- [PROVIDED RECORDS]
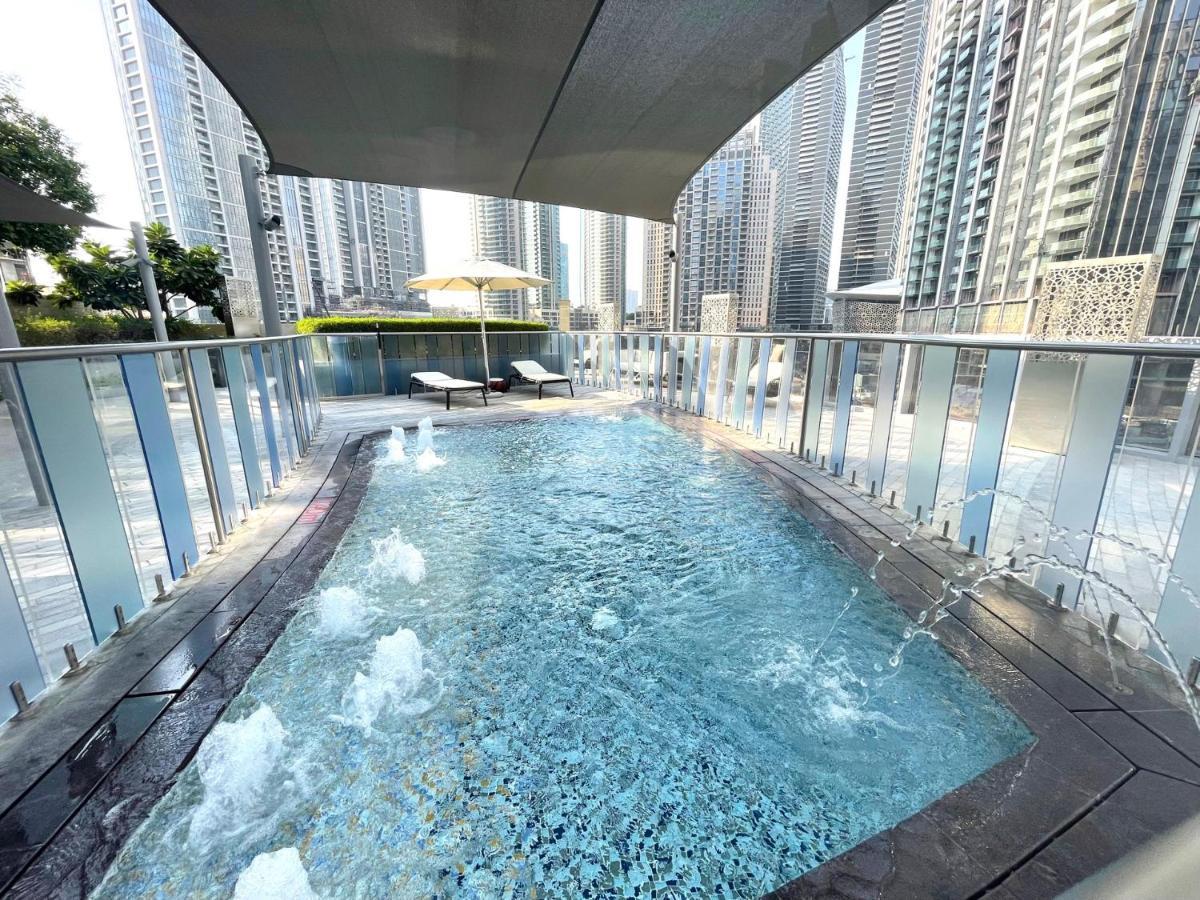 Xanadubai Downtown With Burj Khalifa View * Dubai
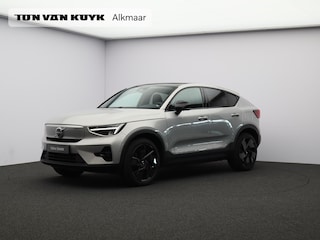 Volvo C40 Recharge Ultimate 69 kWh / SOH 95% / 20"/ Full LED / Privacy glass / Elektr. bed. stoelen / Stoel+stuurwielverwarming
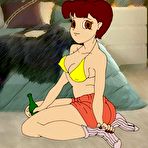 First pic of Fascinating Baby gets rough captured and gets filled \\ Cartoon Valley \\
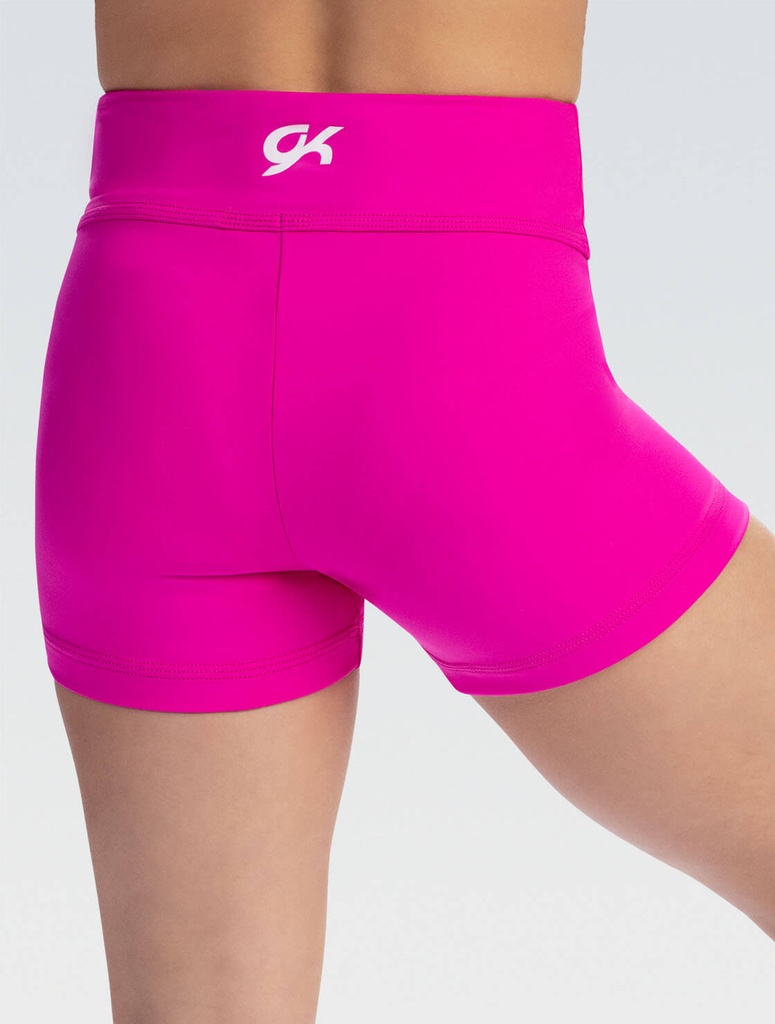 GK - Short -  Girlsshort  softlux  1452  berry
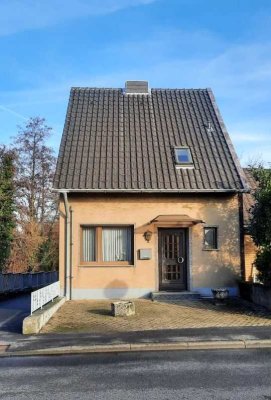 Für die kleine Familie…Einfamilienhaus in Bergheim-Hüchelhoven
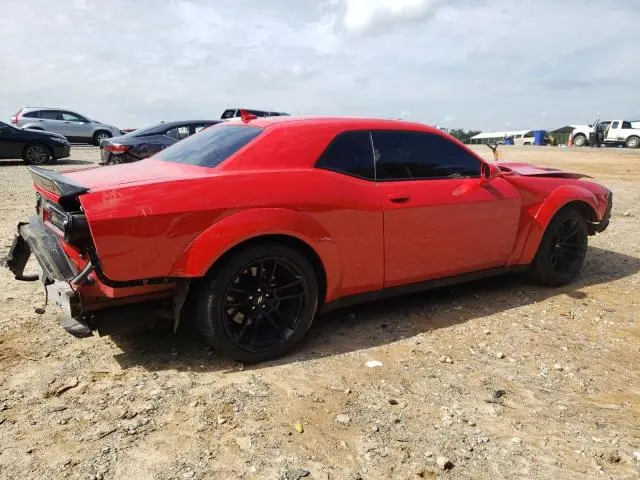 2023 DODGE CHALLENGER R/T SCAT PACK  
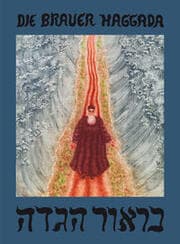 Cover von Die Brauer Haggada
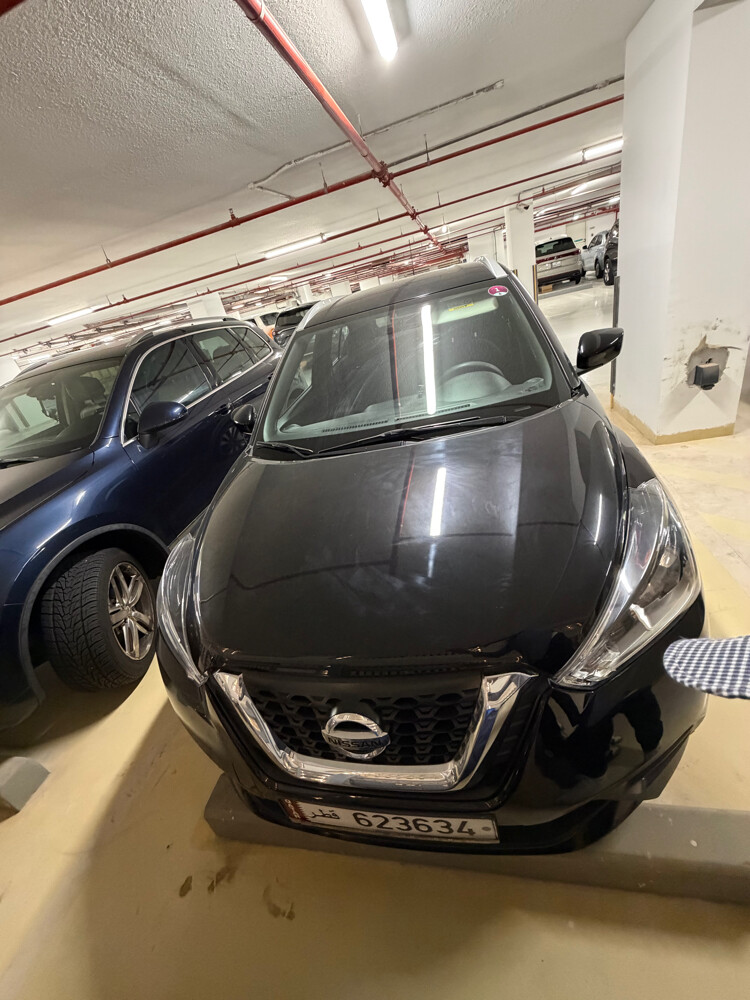 Nissan Kicks good condition 2017  - 1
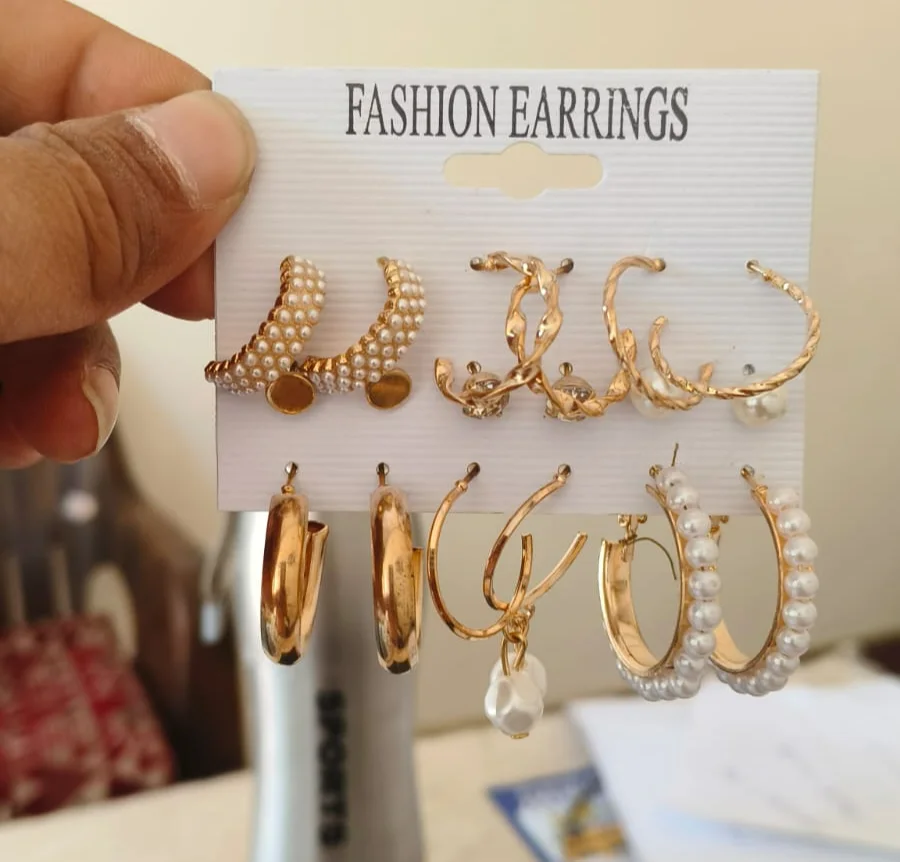 Best Earrings Combo Under 100 Upgrade Your Ear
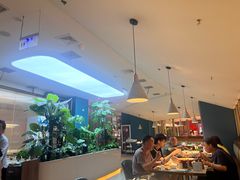 -悦海·家宴·冰花皮皮虾大锅贴(宝龙店)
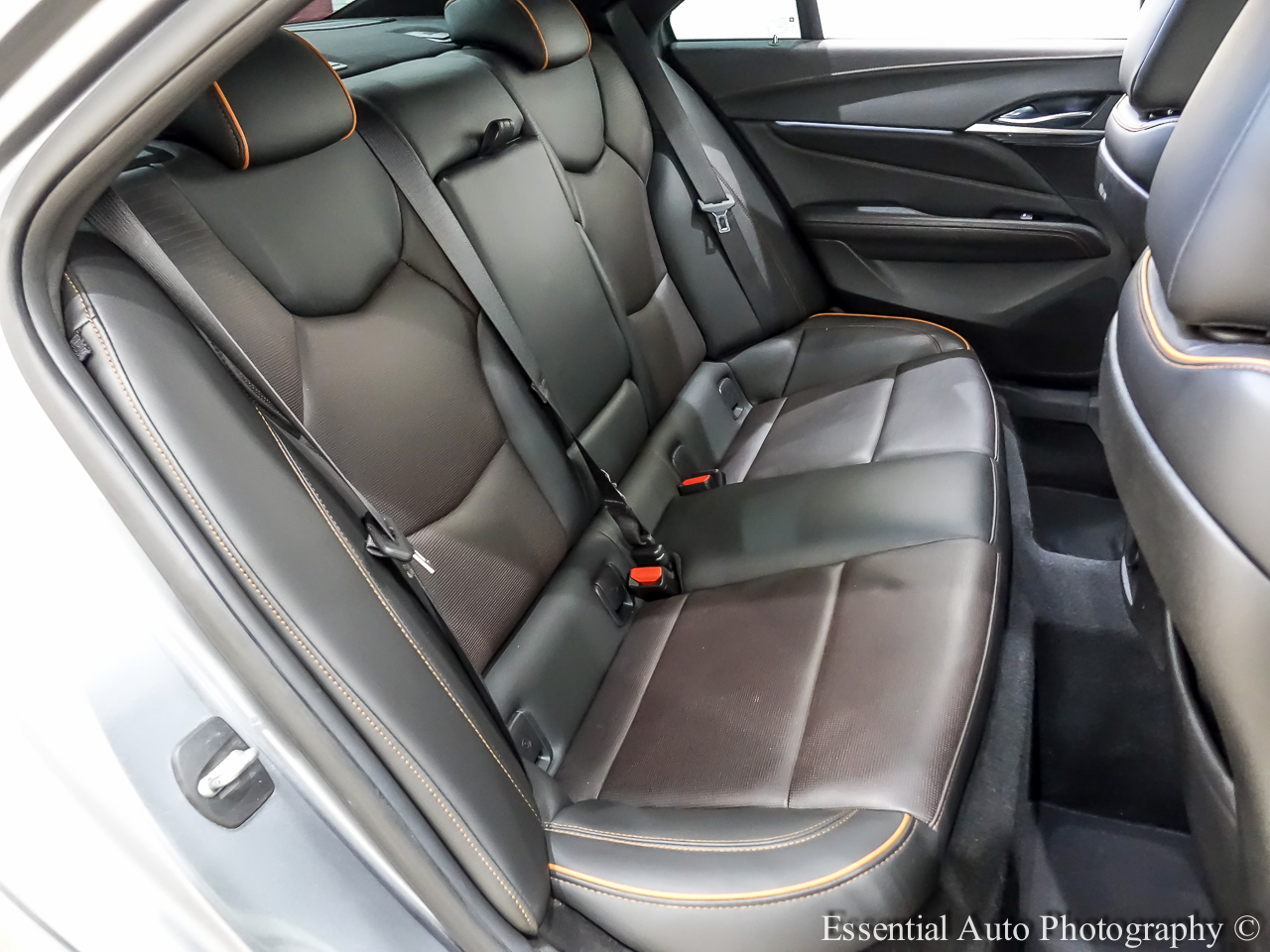 Cadillac CT4 Sport 2021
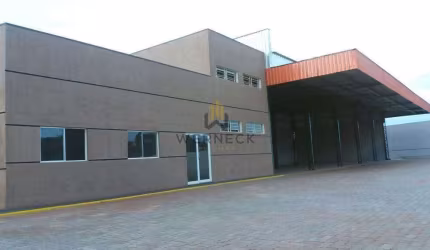Galpão para aluguel, Jardim Aeroporto - Ribeirão Preto/SP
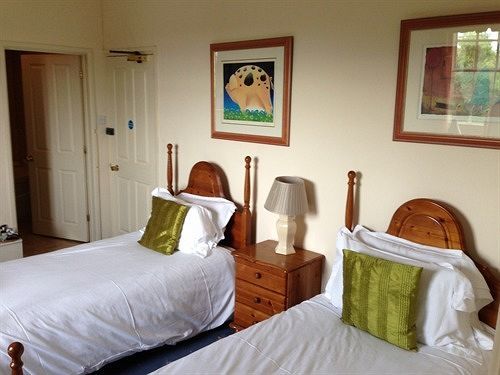 Hotel The Rose & Crown, Ashbury Ashbury  Esterno foto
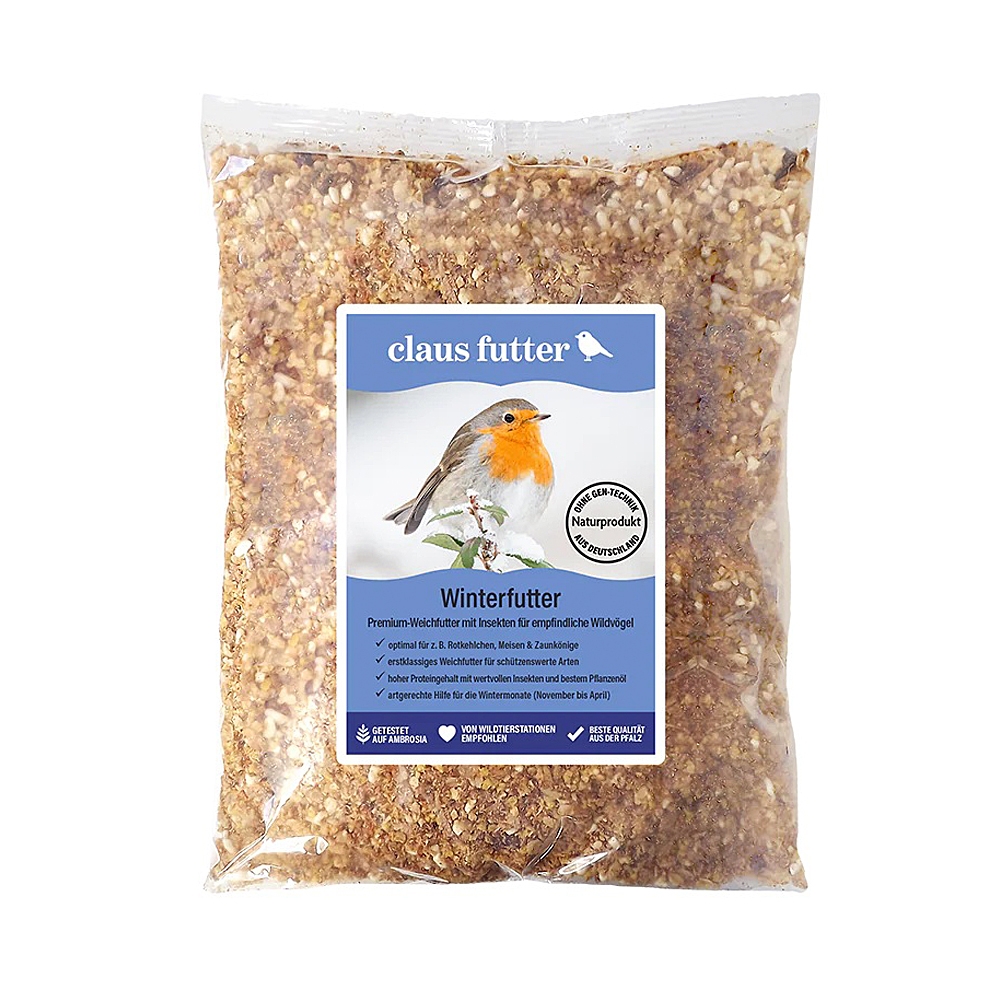 Claus Winterfutter 2 kg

- [TASK DESCRIPTION] If a record holds a picture, leave the picture out, but copy everything else exactly.

- [WRITTEN RESPONSE]
 Xanadubai Downtown With Burj Khalifa View * Dubai
 Volvo C40 Recharge Ultimate 69 kWh / SOH 95% / 20"/ Full LED / Privacy glass / Elektr. bed. stoelen / Stoel+stuurwielverwarming
 First pic of Fascinating Baby gets rough captured and gets filled \\ Cartoon Valley \\
 GK - Short -  Girlsshort  softlux  1452  berry
 Für die kleine Familie…Einfamilienhaus in Bergheim-Hüchelhoven
 2023 DODGE CHALLENGER R/T SCAT PACK  
 Cover von Die Brauer Haggada
 Nissan Kicks good condition 2017  - 1
 Best Earrings Combo Under 100 Upgrade Your Ear
 -悦海·家宴·冰花皮皮虾大锅贴(宝龙店)
 Cadillac CT4 Sport 2021
Galpão para aluguel, Jardim Aeroporto - Ribeirão Preto/SP
 Hotel The Rose & Crown, Ashbury Ashbury  Esterno foto
 Claus Winterfutter 2 kg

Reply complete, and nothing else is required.